Focusing of fast transverse modes in (001) silicon at ultrasonic frequencies

Abstract

This paper presents observations of the focusing of fast transverse (FT) ultrasonic waves in a (001) oriented, disk-shaped silicon single crystal. These modes are almost perfectly shear horizontally (SH) polarized and were absent from earlier reported observations of focusing of ultrasonic waves based on axisymmetric excitation and sensing. In an experiment the FT modes are generated and detected at room temperature by two small [100] polarized PZT piezoelectric shear transducers. The source transducer is fixed on the bottom surface of the specimen and the detector scans the top surface in the [100] direction along lines that intersect the [010] axis at various distances from epicenter. The observed focusing pattern indicates a strong concentration of the FT mode flux in a narrow band about the (100) plane containing the source.
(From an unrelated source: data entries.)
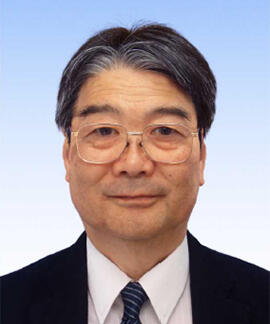 UCHIDA Hiroyuki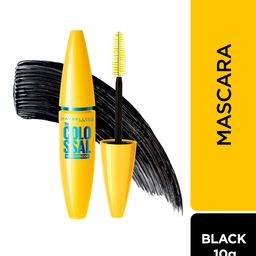 Maybelline New York Colossal Volume Express Waterproof Mascara - Black 10 g image 3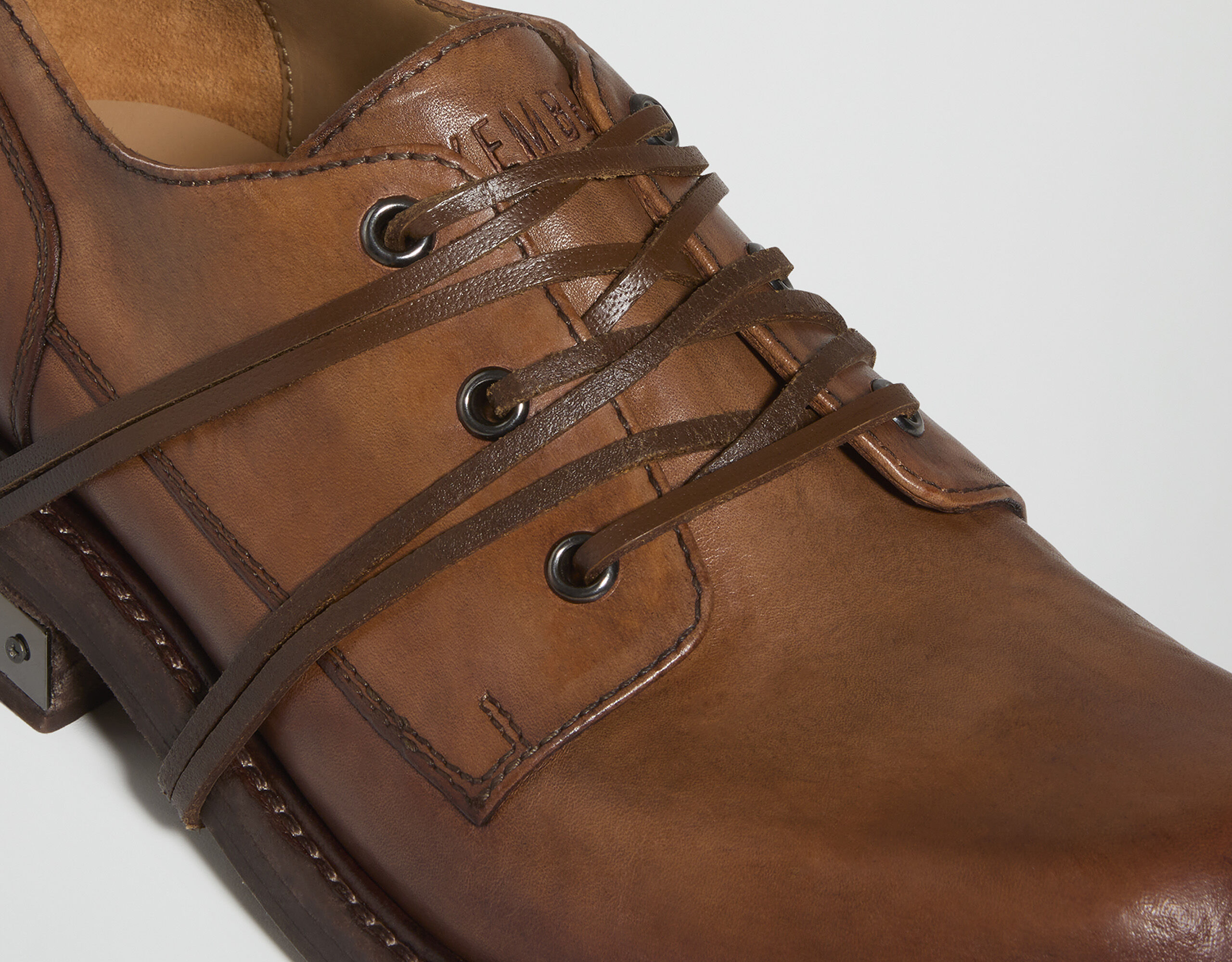 Men's Lace-up Shoes | Dirk Bikkembergs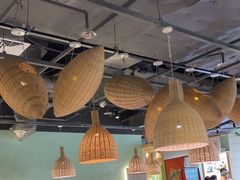 -采椰郎椰子鸡·脆皮鸡火锅(融创茂店)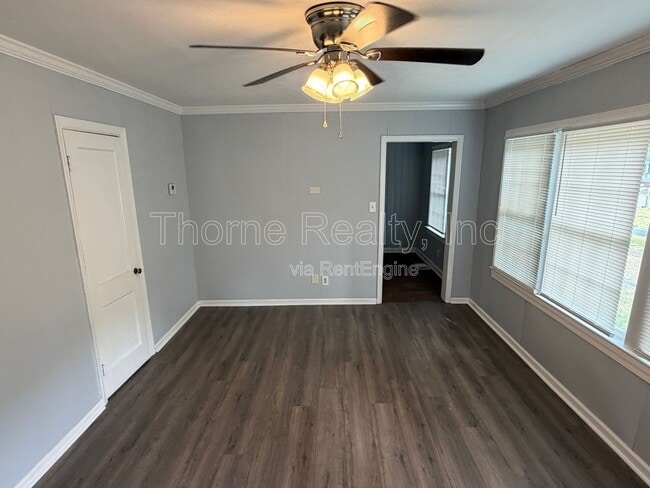 1416 Rosewood Ave in Rocky Mount, NC - Building Photo - Building Photo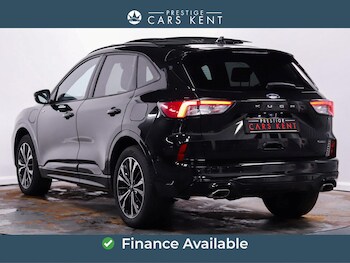 Used Ford Kuga 2022 for sale - 77575001: Photo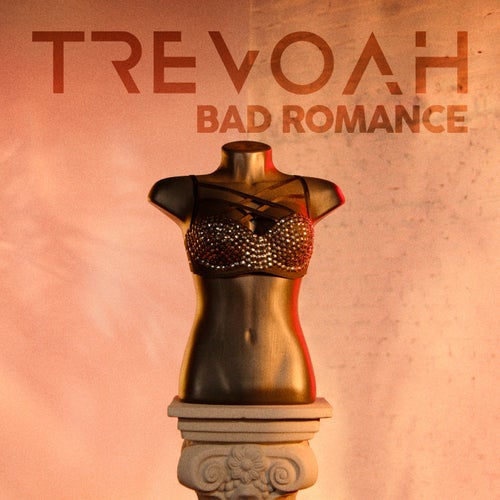 Bad Romance (Cover)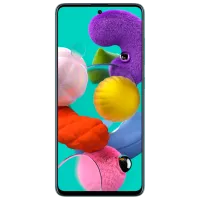 Smartphone Samsung Galaxy A51 4 GB/ 64 GB/ Dual SIM/ Blue photo 2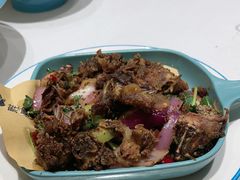 -聆桂烤鸭·金奖烤鸭(静联广场店)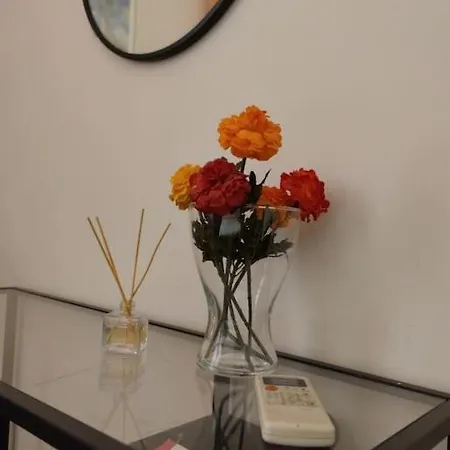 Apartman La Scalinata *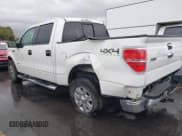 ✅ 2012 Ford F-150 FX4 • VIN: 1FTFW1ETXCFB02697 • Lot: 43456956. Listed on IAAI with 198,501 mi. Free auction sales archive from the USA and detailed vehicle history report at DreamBid. Image 3.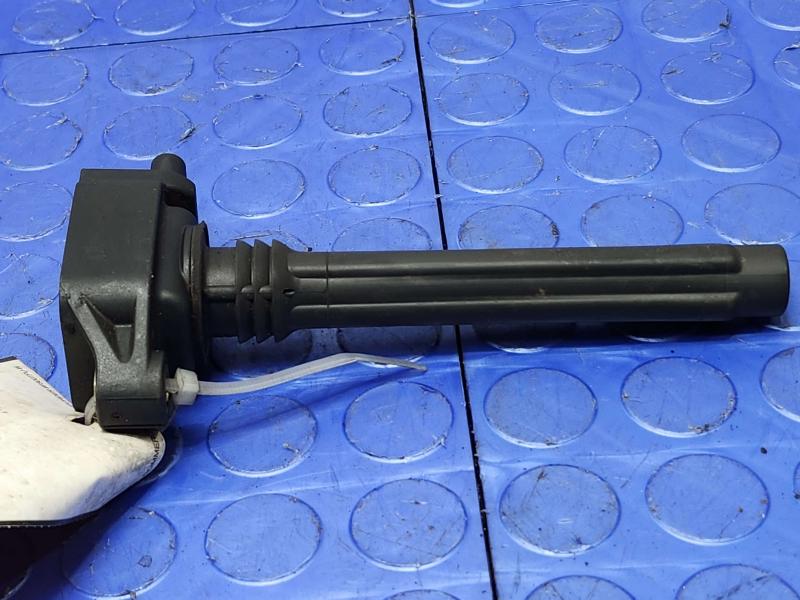 2015 Dodge Grand Caravan Ignition Coil/Ignitor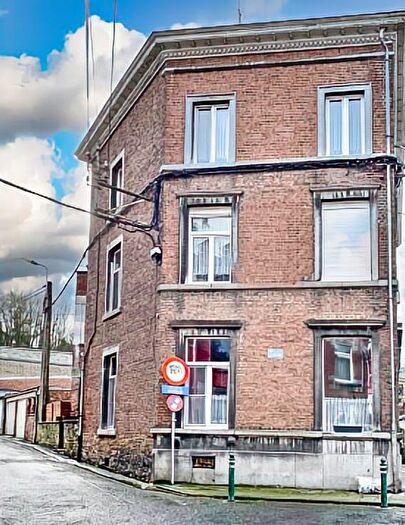 1-kamerappartement te koop in Aywaille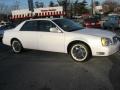 White Lightning - DeVille Sedan Photo No. 3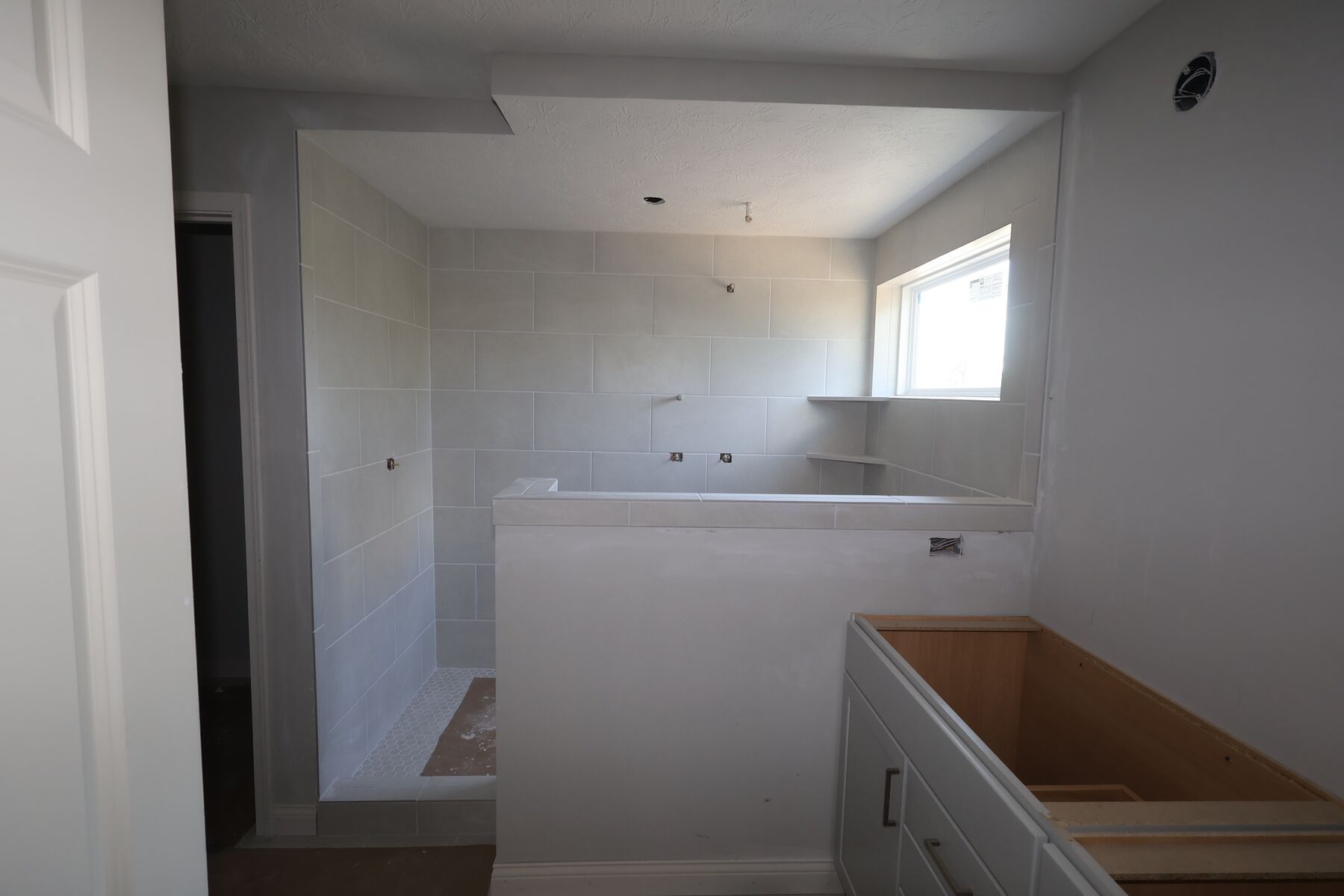 Owner's Bathroom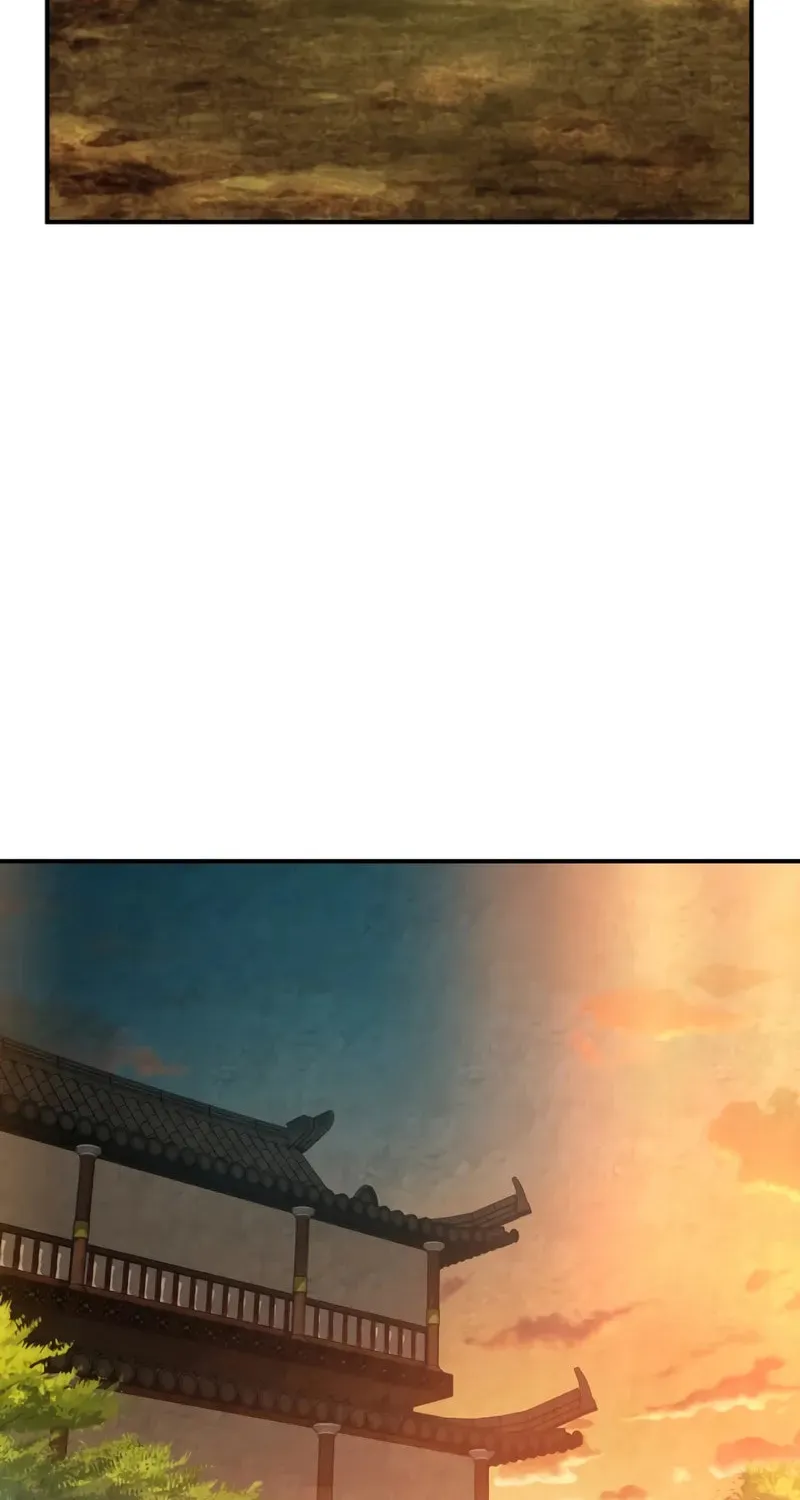Return of the War God Chapter 135 page 25 - 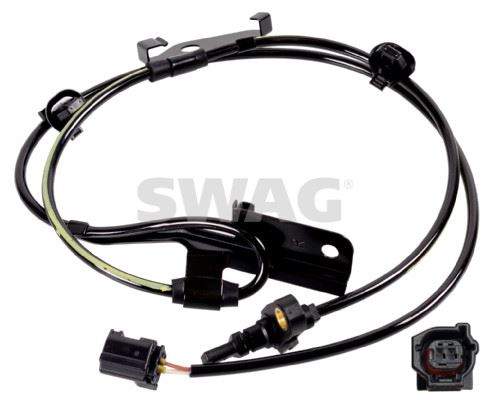 TRW GBS2722 Abs Sensörü Ön Aks Sağ Toyota Harrier U6 Rav 4 Iii A3 Rav 4 Iv A4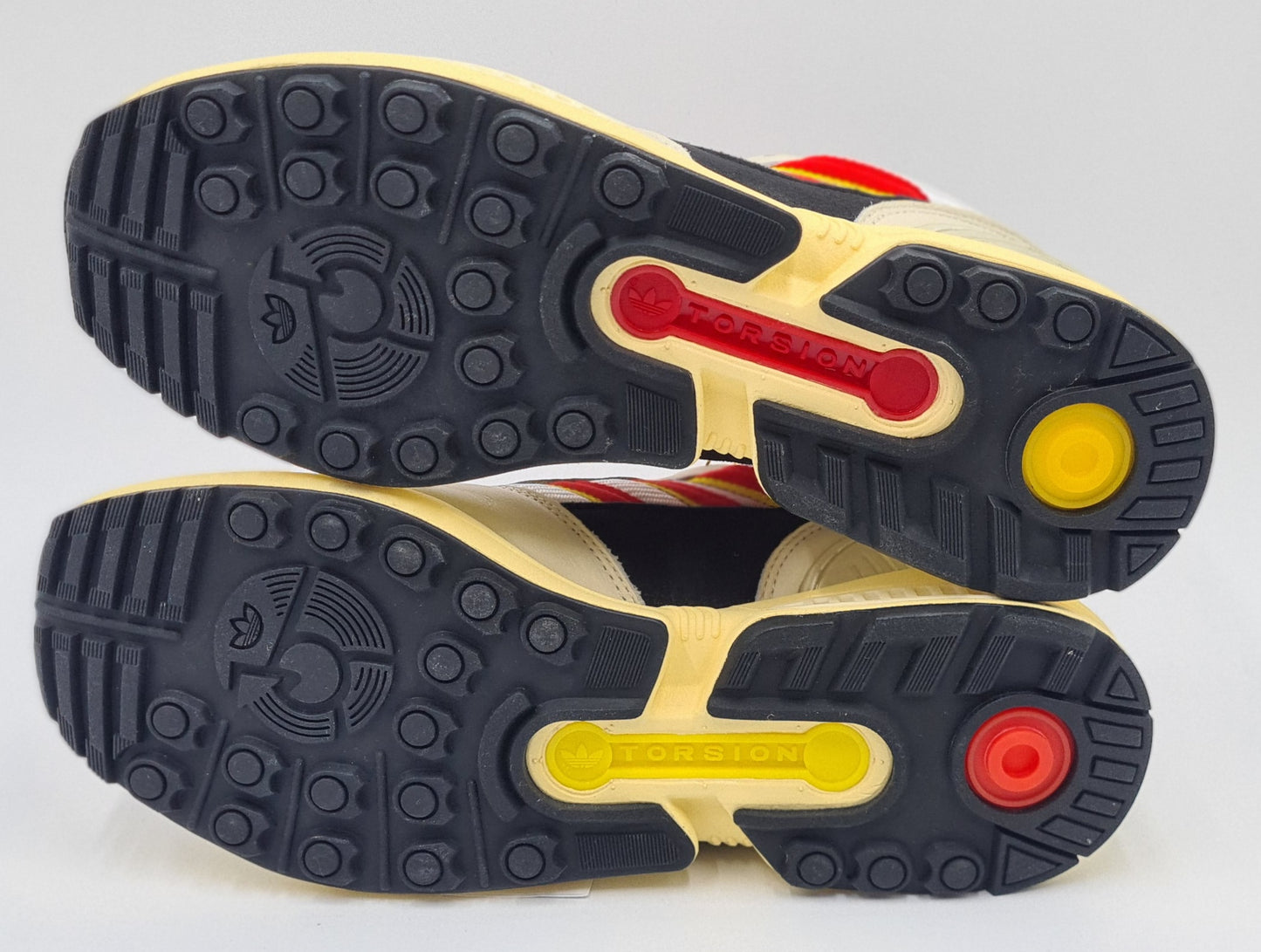 *NEU* 2020 Adidas ZX 8000 Union Berlin Gr. UK 9 / EUR 43 1/3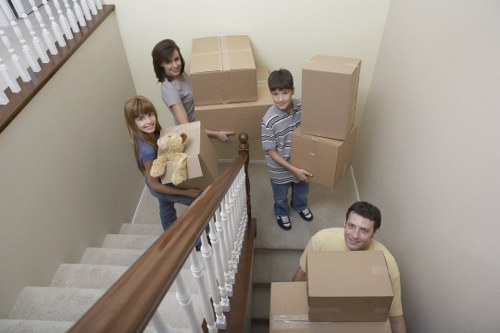 Image representing ongoing accessibility improvements for Selfstorage Haringey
Because of the specific way in which the monopolar source acts, the radiated acoustic flux pattern breaks the fourfold symmetry associated with cubic media. While it shows a strong concentration of FT flux toward the (100) plane, it suppresses FT modes propagating very near the (010) plane passing through the source. The spatial variation of the Fourier components of the detected signal at approximately 2, 6, and 8 MHz has been examined, and there is good accountability for this variation on the basis of the computed frequency domain elastodynamic Green’s function for silicon.